[Dataset items]
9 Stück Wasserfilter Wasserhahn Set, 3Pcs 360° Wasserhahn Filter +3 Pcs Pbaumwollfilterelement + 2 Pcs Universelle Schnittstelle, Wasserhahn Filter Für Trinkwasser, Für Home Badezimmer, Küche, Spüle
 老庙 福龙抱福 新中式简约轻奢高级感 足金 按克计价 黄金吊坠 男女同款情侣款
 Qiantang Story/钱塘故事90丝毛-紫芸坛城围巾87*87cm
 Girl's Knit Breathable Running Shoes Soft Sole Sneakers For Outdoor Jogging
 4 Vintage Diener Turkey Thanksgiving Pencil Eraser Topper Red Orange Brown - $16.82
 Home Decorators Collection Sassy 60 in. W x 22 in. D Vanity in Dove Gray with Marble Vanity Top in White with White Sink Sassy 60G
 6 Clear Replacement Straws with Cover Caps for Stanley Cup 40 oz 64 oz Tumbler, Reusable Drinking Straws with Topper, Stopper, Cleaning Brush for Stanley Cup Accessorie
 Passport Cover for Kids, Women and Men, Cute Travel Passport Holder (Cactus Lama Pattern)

■ **What you need to do**: Set down the whole of the data, exactly as it stands.

■ **Your solution**:
9 Stück Wasserfilter Wasserhahn Set, 3Pcs 360° Wasserhahn Filter +3 Pcs Pbaumwollfilterelement + 2 Pcs Universelle Schnittstelle, Wasserhahn Filter Für Trinkwasser, Für Home Badezimmer, Küche, Spüle
 老庙 福龙抱福 新中式简约轻奢高级感 足金 按克计价 黄金吊坠 男女同款情侣款
 Qiantang Story/钱塘故事90丝毛-紫芸坛城围巾87*87cm
 Girl's Knit Breathable Running Shoes Soft Sole Sneakers For Outdoor Jogging
 4 Vintage Diener Turkey Thanksgiving Pencil Eraser Topper Red Orange Brown - $16.82
 Home Decorators Collection Sassy 60 in. W x 22 in. D Vanity in Dove Gray with Marble Vanity Top in White with White Sink Sassy 60G
 6 Clear Replacement Straws with Cover Caps for Stanley Cup 40 oz 64 oz Tumbler, Reusable Drinking Straws with Topper, Stopper, Cleaning Brush for Stanley Cup Accessorie
 Passport Cover for Kids, Women and Men, Cute Travel Passport Holder (Cactus Lama Pattern)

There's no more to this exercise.